Nos discursos em Plenário, deputados fazem elogios e críticas à reforma administrativa

FONTE: CÂMARA DOS DEPUTADOS

A proposta foi aprovada pela CCJ nesta terça-feira e seguirá para análise de uma comissão especial

Em discursos na sessão plenária da Câmara, deputados fizeram elogios e críticas à aprovação da reforma administrativa (PEC 32/20) pela Comissão de Constituição e Justiça e de Cidadania (CCJ) nesta terça-feira (25). A proposta foi aprovada quanto à admissibilidade e seguirá para análise de uma comissão especial.

O relator da reforma na CCJ, deputado Darci de Matos (PSD-SC), foi ao Plenário para reafirmar que as mudanças só serão aplicadas aos novos servidores. “Nós não vamos mexer em nenhuma vírgula sequer dos direitos adquiridos dos atuais servidores do Brasil”, ressaltou.

Darci de Matos defendeu o fim da estabilidade para carreiras que não sejam as consideradas típicas de Estado. “A estabilidade acaba para os demais servidores, da saúde, da educação e na atividade administrativa. No nosso entendimento, nada mais justo”, disse.

Ele afirmou que as carreiras que não sejam típicas de Estado farão concurso para um regime de vínculo por prazo indeterminado, sem estabilidade. “Vão ter uma condição similar à dos trabalhadores do serviço privado”, explicou.

O líder da oposição, deputado Alessandro Molon (PSB-RJ), criticou esse ponto. “A proposta favorece o aparelhamento do Estado, esvaziando o concurso público, retirando a estabilidade, para permitir mais indicações de afilhados políticos deste governo”, lamentou.

Para Molon, não se pode permitir que indicados políticos ocupem funções técnicas na estrutura do Estado.

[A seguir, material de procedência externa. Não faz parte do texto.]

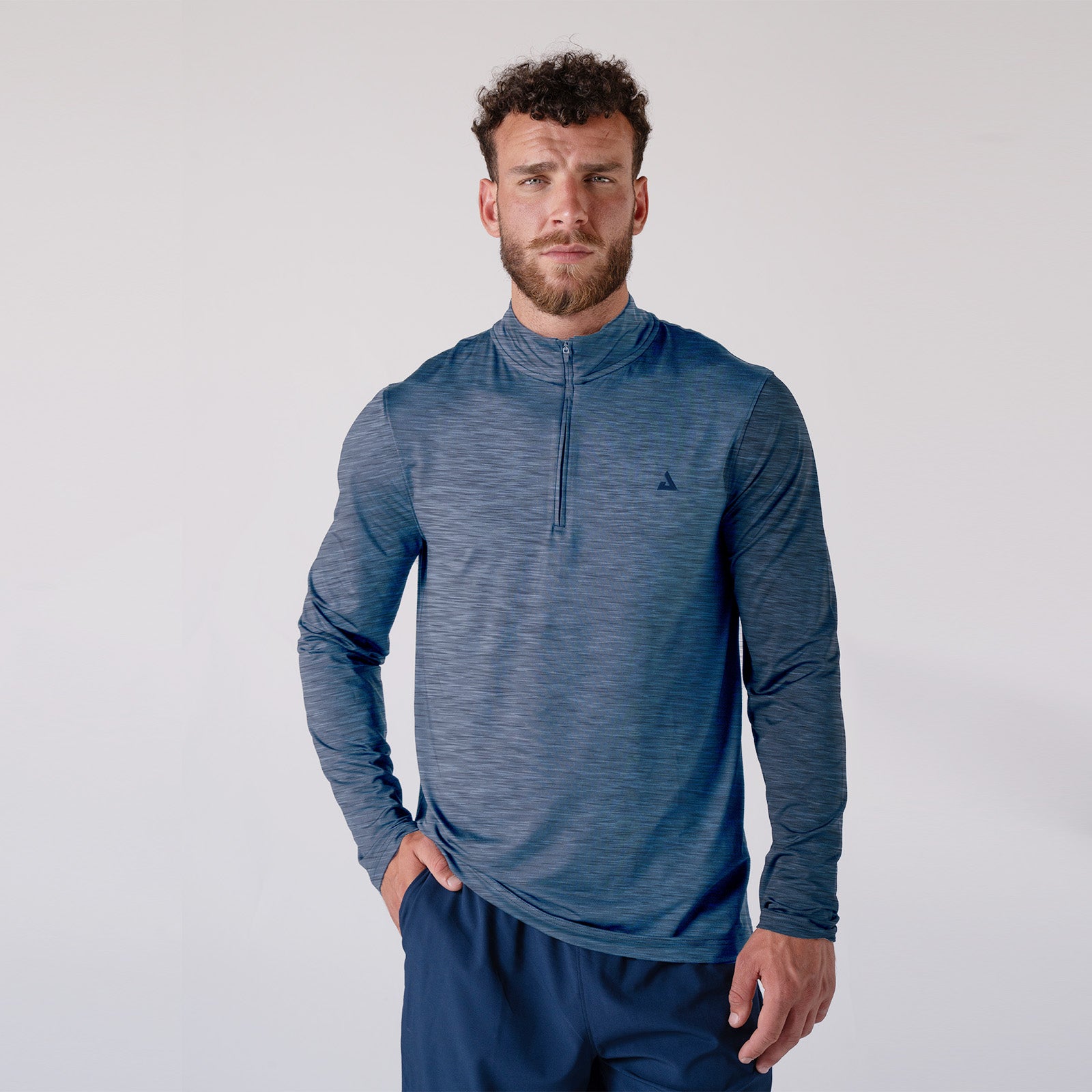 White background image, a model wearing the JOOLA Men's Quarter Zip. Navy.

Darci de Matos esclareceu que, durante a discussão do mérito na comissão especial, a proposta deverá sofrer novas mudanças, como o estabelecimento de período de experiência para cargos típicos de Estado e a demissão do servidor de carreira típica por decisão de segunda instância. “Há algumas questões ali que têm que ser revistas”, disse.

Redução de gastos
Matos destacou ainda que a reforma administrativa é necessária para modernizar o serviço público e para diminuir os gastos. “É preciso adequar o serviço público às novas tecnologias, porque, infelizmente, o serviço público no Brasil ainda é lento e caro, oneroso”, avaliou.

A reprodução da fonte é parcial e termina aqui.